Digital divide grows with web use
Sep 3, 2007 by Brad Horowitz
The term "digital divide" was coined in the 1990s to describe the perceived growing gap between those who have access to and the skills to use ICT and those who for socio-economic and/or geographical reasons have limited or no access.
A new study by The Oxford Internet Survey (OxIS) found that even with two thirds of Britons already online that the poor, the elderly and the less educated are still losing out.
The study also says that the way young people use the internet is changing rapidly with mobile access and social networking both growing in popularity.

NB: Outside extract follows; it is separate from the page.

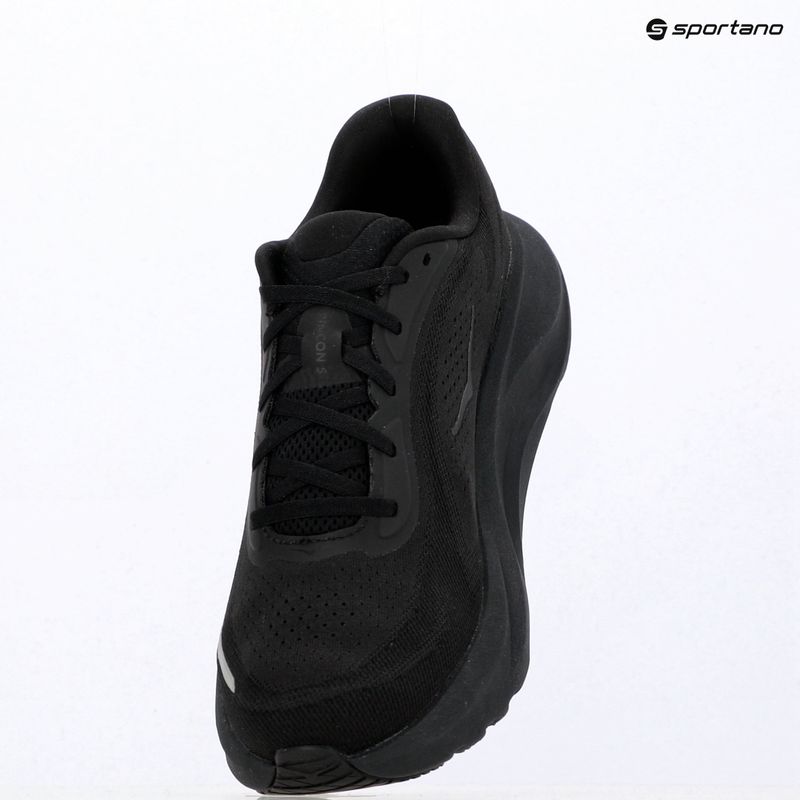 Vyriški bėgimo batai HOKA Rincon 5 black/black 18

They noted however that few people create their own content or use the net for social activism.
The survey is one of the most complete studies of internet usage ever made in the U.K. and tracked statistics from 2003 until the present.
A Look At The Findings
- The survey found that 67% of the population were current internet users in 2007 which is up from 59% in 2003.
- Internet use falls off sharply after the age of 55 and amongst those who have retired. Only 31% of retired people use the internet compared with 81% of those in work and 97% of students .

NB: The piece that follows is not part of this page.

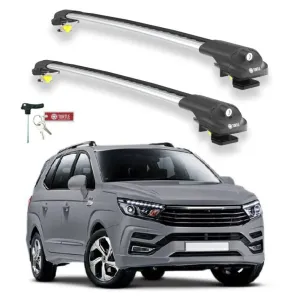 Ssangyong Stavic 2013-2019 Ara Atkı Air1 Gri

- 5% fewer women go online.
- Low income and less education are still big barriers to internet use and whereas just over one half of those who lack further education are online a whopping 90% of those with a university education use the web on a regular basis.

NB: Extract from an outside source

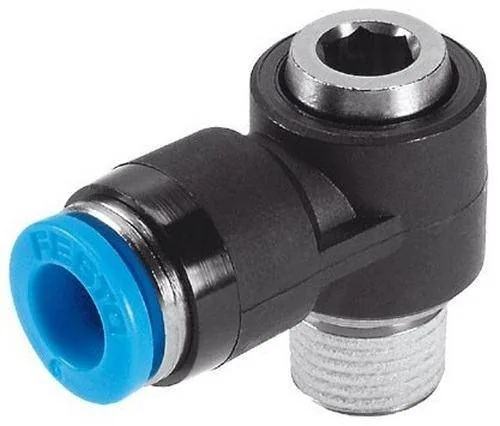 FESTO QSLV-1-8-8-I (QSLV188I)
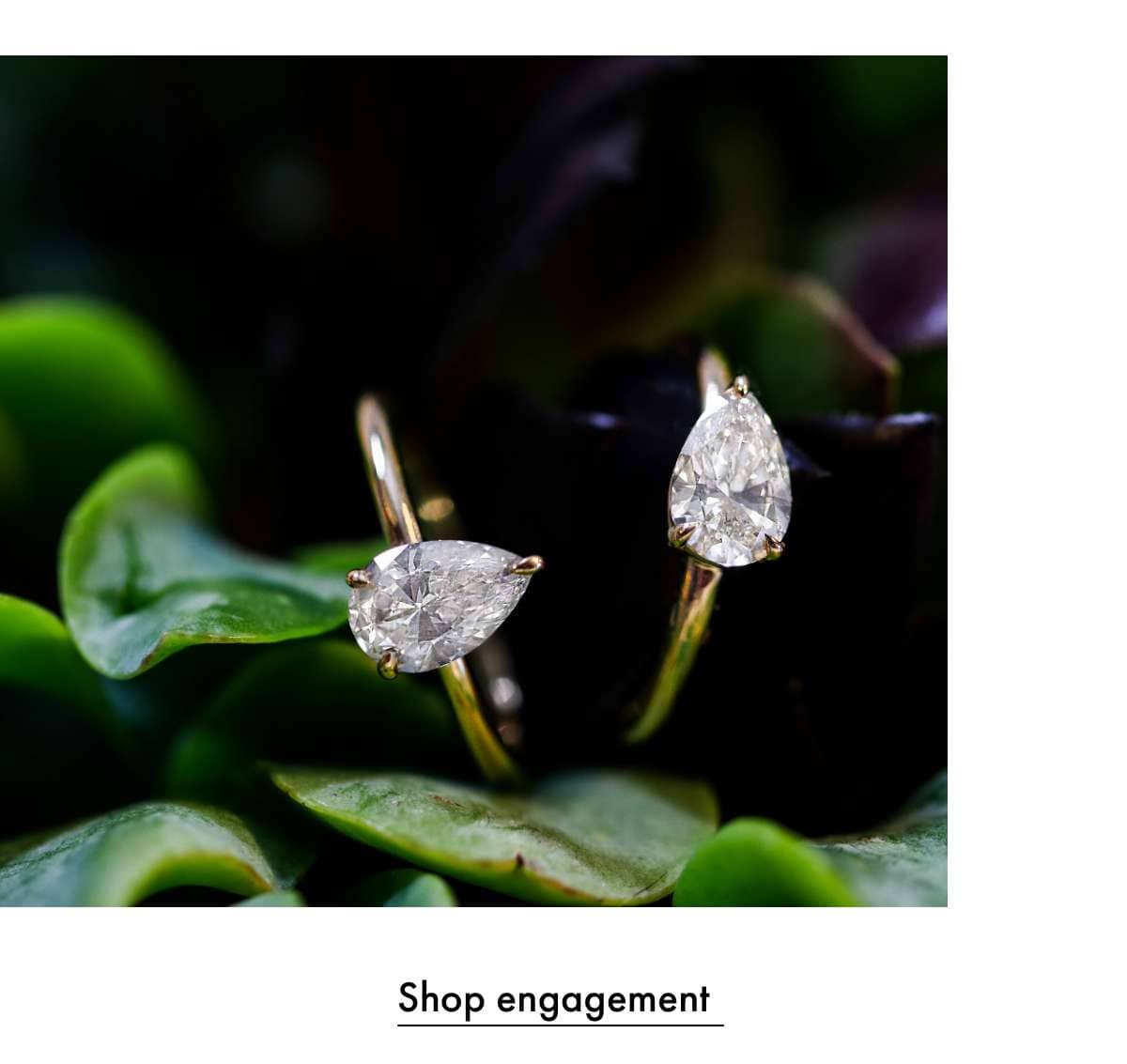 Shop engagement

- Among those with household incomes below £12,500 only 39% use the internet.
- 85% of the population now use high speed connections, compared with just 19% four years ago and the report predicts that dial-up connections will disappear in the next few years.
- Mobile internet use has also seen a sharp increase with 29% using wi-fi access which compares with just 1% four years ago and 21% of users now access the internet using a mobile phone or PDA which is up from 5% four years ago.
- Households that access the internet are also far more likely to use other types of digital equipment such as digital cameras, MP3 players, and mobile phones.
- OxIS also found that 42% of students have created a profile on a social networking site such as Facebook or MySpace compared with just 15% of the employed and 2% of retired people.
- One in four internet users has made a friend online and one half of those have met them in person. It is the elderly and the retired however that are most likely to meet online friends in person.
- Men do more social networking than women.
- Only 16% of U.K. internet users have tried to set up a website for personal use and the proportion remains unchanged since the last survey in 2005.
- Only one in ten internet users have taken part in any political activities online such as signing an online petition and the older age groups are the most likely to engage in any kind of activism.
- The web is now a more trusted source of information than television and the amount of television they watch has declined.
- Online banking, paying bills and checking investments online have all increased in popularity as has confidence in buying products online.
Researchers interviewed 2,305 people aged 14 years and older in 175 districts in England, Wales and Scotland. Previous surveys which asked similar questions were carried out in 2003 and 2005.